Für den Personaltransport sind diese Verkehrsmittel durchaus  ausreichend. Aber  wie kann der Materialtransport rationalisiert werden?  Es ist z.B. nicht effektiv, einen Pfleger eine Stunde lang für einen Wäschetransport frei zu stellen. Daher verwendet man in diesem Falle einen Transportroboter. Das ist ein kompakter Quader von etwa 0,5m Höhe, 1m Breite und 2m Länge, der mit Elektronik vollgepackt ist. Er findet seinen Weg mit Hilfe von Lasern und wahrscheinlich auch mit Hilfe eines GPS-Systems.
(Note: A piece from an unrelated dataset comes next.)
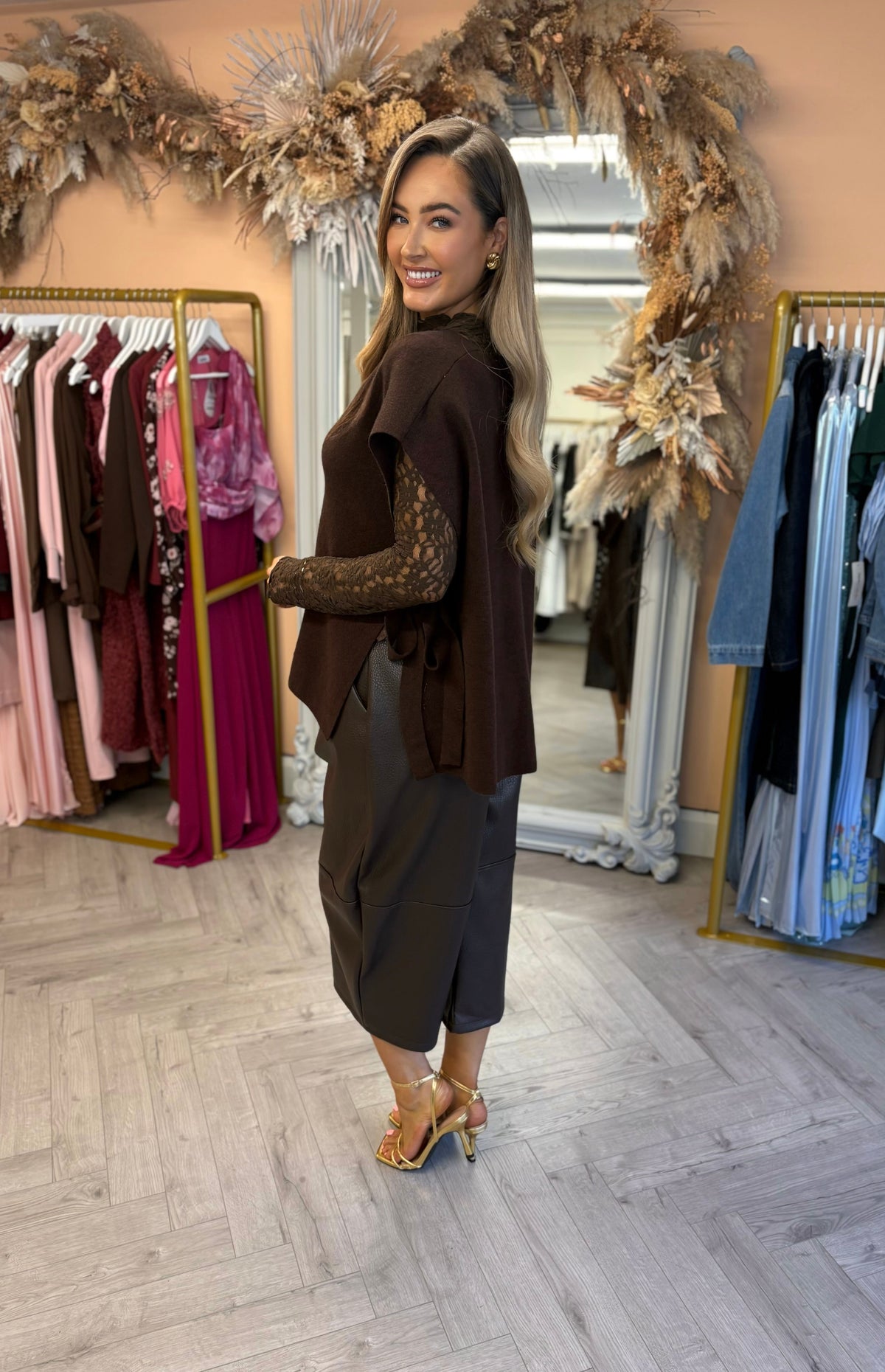 Donna Leatherette Trouser Chocolate Brown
Außerdem kann er sprechen. Dem ersten dieser Art begegnete ich im November 2013 im Mindener Wesling-Klinikum und zwar auf die folgende Art und Weise: Ich kam an einem Fahrstuhl vorbei, als dieser sich gerade öffnete. Heraus fuhr ein hoher Wäschecontainer, den allerdings niemand schob. Zunächst war ich versucht, an eine Sehstörung meinerseits zu glauben, die nach Operationen durchaus auftreten kann. Doch das lustige Blinken von Laserstrahlen überzeugte mich davon, dass hier eine neue Transportart im Einsatz war. Nennen wir den kleinen elektronischen Transporter einmal „Robby“.
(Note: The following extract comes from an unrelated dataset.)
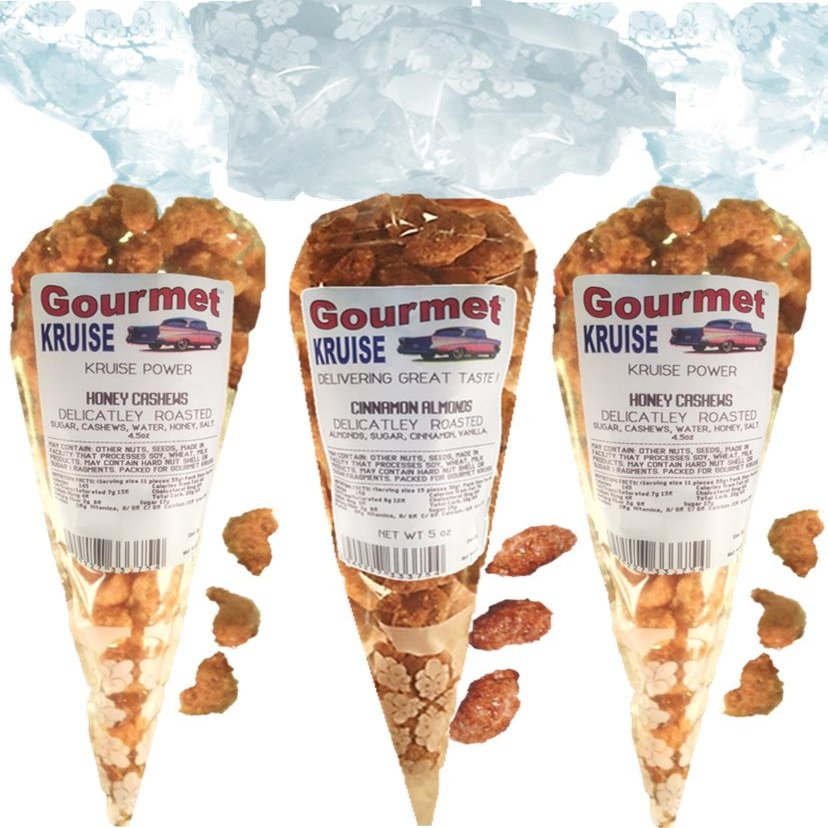 Cashews (2) Honey Salted Roasted Delicately (1) Almonds Cinnamon Roasted Delicately (NET WT 14 OZ) Gourmet Kruise Signature Gift Bags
Anderen Tages kam mir auf dem Flur ein anderer beladener Roboter entgegen. Er blieb vor einem Fahrstuhl stehen, drehte sich um 90°, so dass er direkt vor dem Fahrstuhl stand. Die Tür des Fahrstuhles ging auf, Robby  fuhr ein und bevor die Tür wieder schloss, verkündete er immer wieder: „Dieses ist ein Materialtransport. Verlassen Sie bitte den Fahrstuhl!“ Doch im Fahrstuhl war niemand außer Robby!
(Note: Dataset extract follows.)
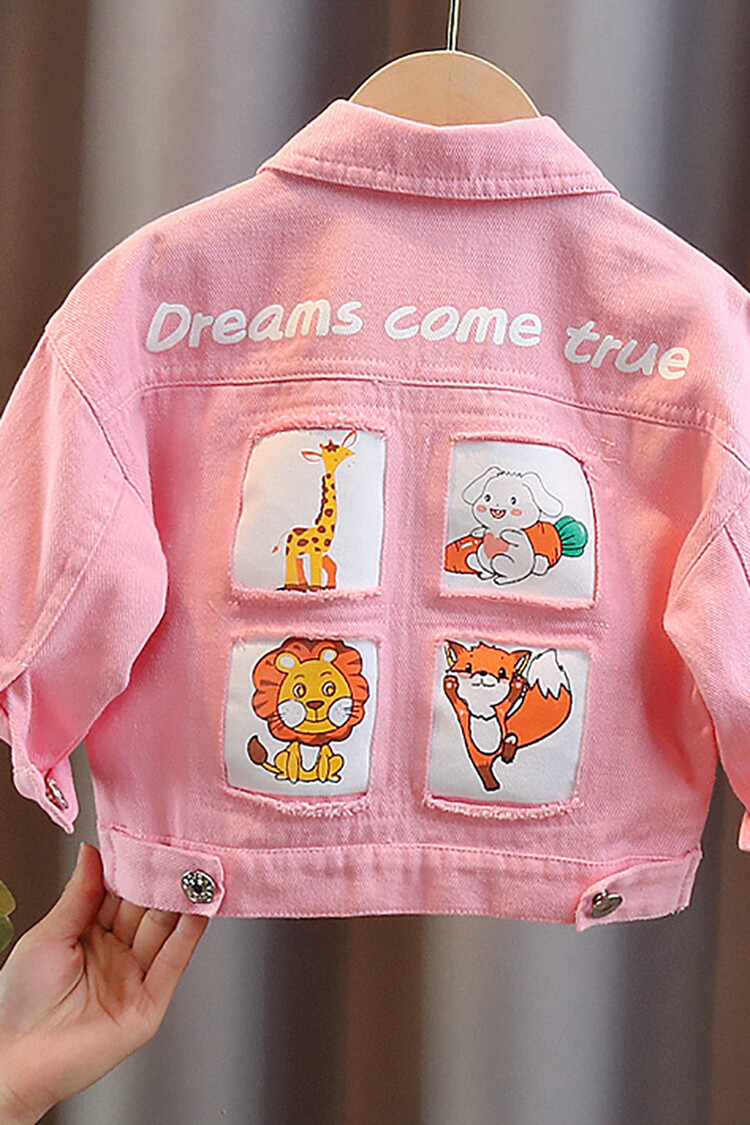 Children's Spring And Autumn Boys And Girls Personality Pattern Denim Jacket Children's Long Sleeve Baby Denim Jacket_voghion.com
Noch lustiger wurde es, als ich einen  nicht beladenen elektronischen Lastenträger einige Meter vor einem Fahrstuhl erblickte. Er stand da nur rum, als sei er nicht abgeholt worden.  Kurze Zeit später ging wieder die Fahrstuhltür auf und ein mit Wäsche beladener Transportzwerg fuhr heraus, direkt hinter den herumstehenden Robby. Dort blieb er stehen. Zehn Minuten lang tönte er: „Gehen Sie bitte aus dem Weg …. Gehen Sie bitte aus dem Weg!“
Als ich später noch einmal nachschaute, da tönte er noch immer auf diese Art und Weise.  Später berichtete ich einer Verwaltungsangestellten von diesem Vorfall. Da erzählte sie mir: „Ich habe einen Roboter vor einer Wand stehen sehen. Der sagte dasselbe und hörte auch nicht von selber auf!“
Die Entwicklung von Transportrobotern wird sicherlich noch nicht abgeschlossen sein. Auf jeden Fall ist die Technik verbesserungsbedürftig. Vielleicht wird man eines Tages einen Reparatur-Roboter vom Schlage des R2D2 aus dem Film „Krieg der Sterne“ entwickeln können, welcher technische Pannen beheben kann.  Bis dahin wird man sich im Klinikum an das monotone: „Diese ist ein Materialtransport. Verlassen Sie bitte den Fahrstuhl“ oder „Gehen Sie bitte aus dem Weg“ gewöhnen müssen.